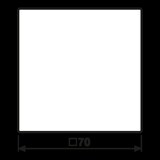 thumbnail of Jung Tastensatz komplett 3-fach LS 503 TSA SWM LS503TSASWM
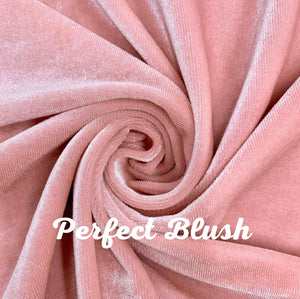 Perfect Blush Velvet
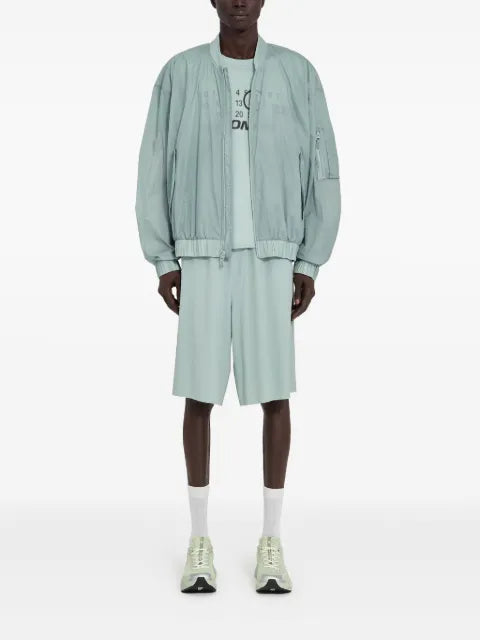MM6 Maison Margiela X Salomon x Salomon numbers-print jacket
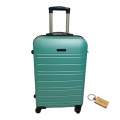 Durable Elegance: 1-Piece ABS Suitcasel Large 75Cm+Smte keyring-Green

## YOUR GOAL
Only the pictures are to be dropped; the rest of the material above must be duplicated exactly.

## FINISHED EXERCISE
 thumbnail of Jung Tastensatz komplett 3-fach LS 503 TSA SWM LS503TSASWM
 Perfect Blush Velvet
MM6 Maison Margiela X Salomon x Salomon numbers-print jacket
 Durable Elegance: 1-Piece ABS Suitcasel Large 75Cm+Smte keyring-Green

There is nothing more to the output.